Лукерья прижала руки к сердцу. Она уже привыкла к тому, что суждена ей горькая доля бездетной матери, но сейчас страстно возмечтала, чтобы чудо свершилось.
Хоть одним глазком бы увидать дитятко свое! Хоть на один миг почувствовать себя матерью! Ведь этого счастья лишила ее проклятущая Грунька!
Она уже не помнила, сколько ужасов и боли натерпелась, рожая нечистика, – помнила только, что есть у нее сыночек, есть!
– Хочу, – прошептала она, – хочу! Счастлива буду увидеть его хоть единожды!
– Тогда оглянись, – приказал леший, и Лукерья послушалась его.
Перед ней стоял зеленоглазый отрок в белой рубашонке до пят, настолько ладный, да складный, да пригожий, что Лукерья слезами счастья залилась.
Неужто это ее дитятко?! Неужто оно ею рожено?!
– Твое да мое дитятко, – за спиной пробасил леший. – Тобой рожено! И осталось бы оно при тебе, когда бы во время родов не было при тебе Груньки! Кабы не она, увидела бы ты не чудище какое-то, а самого обычного младенчика.
– Почему? – удивилась Лукерья.
– Да потому что такие души, как люди считают, чистые, безгрешные, вроде этой Груньки, видят то, что от других скрыто! – прорычал леший.
– Да чтоб у Груньки очи повылезли, чтоб она ослепла! – жарко выдохнула Лукерья. – Она, она во всем виновна! Я это всегда знала! Из-за нее я в разлуке с сыночком живу. На все готова, только бы удалось его воротить, милого моего, пригожего!
– А ты верь и жди! – проговорил леший. – Когда-нибудь он к тебе воротится. Только есть одно условие: со свету сжить не только Груньку и ее мужа, но и дочку их. В ней зла побольше, чем в отце с матерью, ибо судьба далеко ее заведет, если не остановить поганую девку. А коли не получится, долго тебе встречи с сыночком ждать придется!
Столько ярости и ненависти прозвучало в голосе лешего, что Лукерья удивилась: чем это Грунька так его разгневала? Ну ладно, Грунька, но Василий в чем виноват?
Леший нагнулся, посмотрел ей в глаза и тихо сказал, словно в мысли Лукерьи заглянул:
– Не я сестреницу твою ненавижу, а хозяин мой, властелин всякого зла. Понимаешь небось, о ком я говорю? Вот он, безликий и многоликий, уродливый и обольстительный, отталкивающий и неотразимый, и провидит судьбу твоей племянницы, которая хоть малую опасность, да несет для моего владыки.
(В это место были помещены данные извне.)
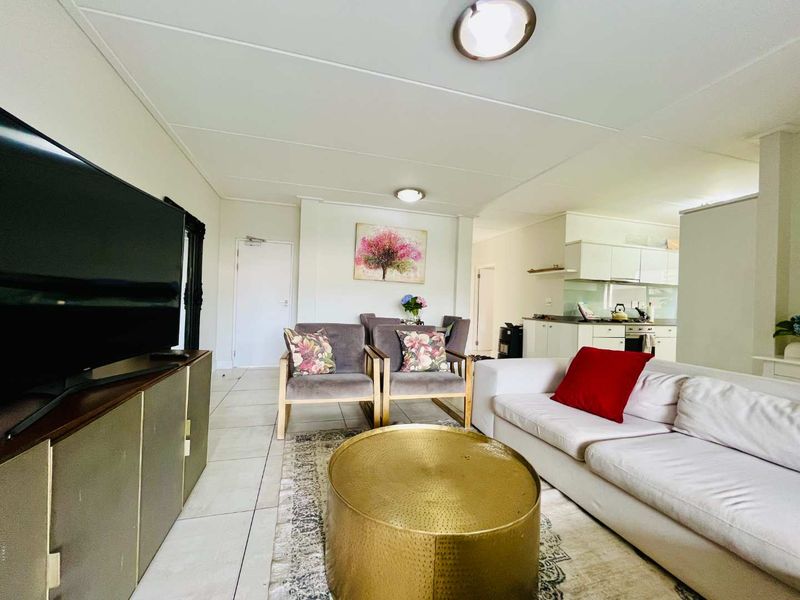 Modern 3 bedroom ground floor apartment for sale at The Polofields, Waterfalll - Photo 6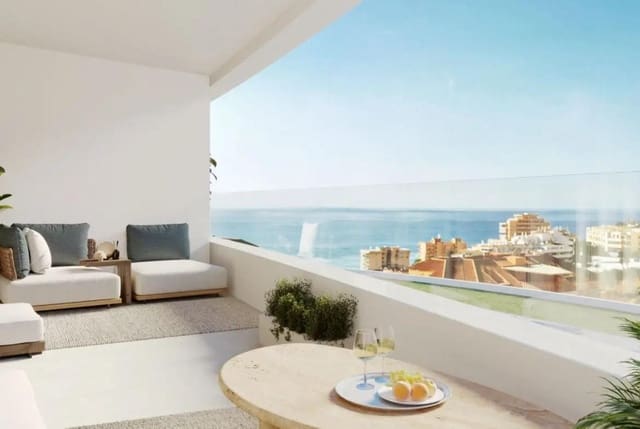 Pareado de 3 habitaciones en Fuengirola en venta - 810.000 € (Ref: 8583477)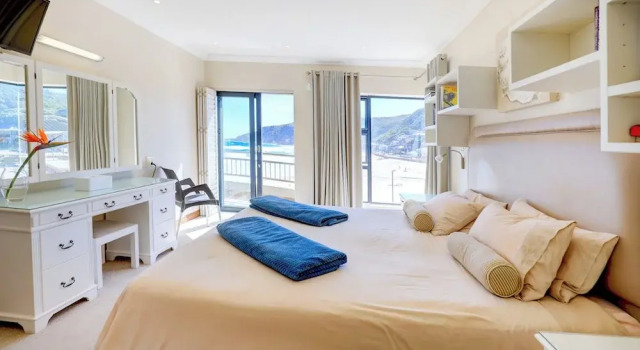 Апартаменты Luxury Makarios on Sea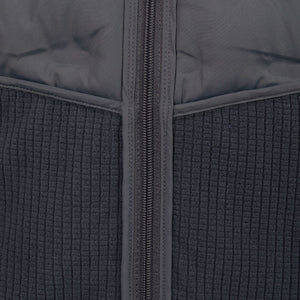 Detail van de rits en de geribbelde stof van het JDH W Hybrid Padded Jacket Ink in grijs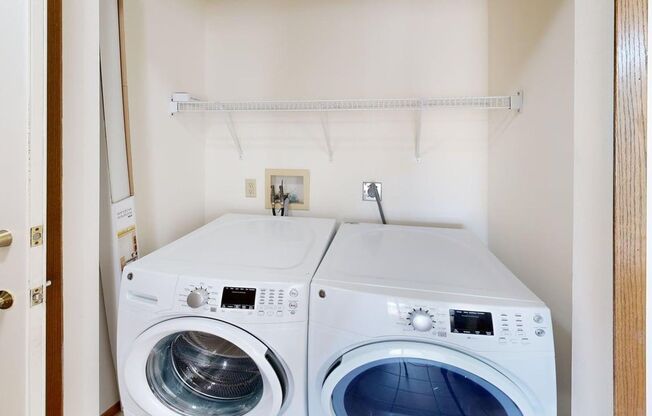 3 beds, 2.5 baths, 2,000 sqft, $2,750, Unit D-502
Поэтому, когда утолишь свою жажду мести, утоли требование и моего хозяина. А не сможешь на сей раз, другого раза жди!
Протянул лешак руку Лукерье, глянула она на его волосатую ладонь, а на ней лежит что-то… малая косточка белая!
Навья кость!
– Бери ее, матушка, да изведи всех Васнецовых, – промолвил отрок. – Тогда я с тобой весь век буду!
Лукерья слезами залилась:
– Все сделаю, родимый! Все сделаю, радость моя! Скажи только, как тебя зовут?
– Если хочешь меня как-нибудь звать, зови Демьяном, – сказал сын. – Это хоть и не подлинное мое имя, но все же на него похоже. И помни, матушка: если не удастся тебе всех Васнецовых извести, я появлюсь вновь лишь тогда, когда навьи под твоим окном следы оставят. Это будет тебе знак того, что я тебя на встречу жду в лесу, на этой самой тропе!
Сказал это отрок – и исчез, словно и не было его никогда.
– Демьянушка, родимый! – возопила Лукерья, но никто ей не отозвался, а вслед за сыном исчез и лешак.
Рухнула Лукерья наземь, залила лешачью тропу слезами, но скоро спохватилась: чего это она попусту слезу льет и время теряет, когда надо поскорей в деревню ворочаться да с Васнецовыми расправляться?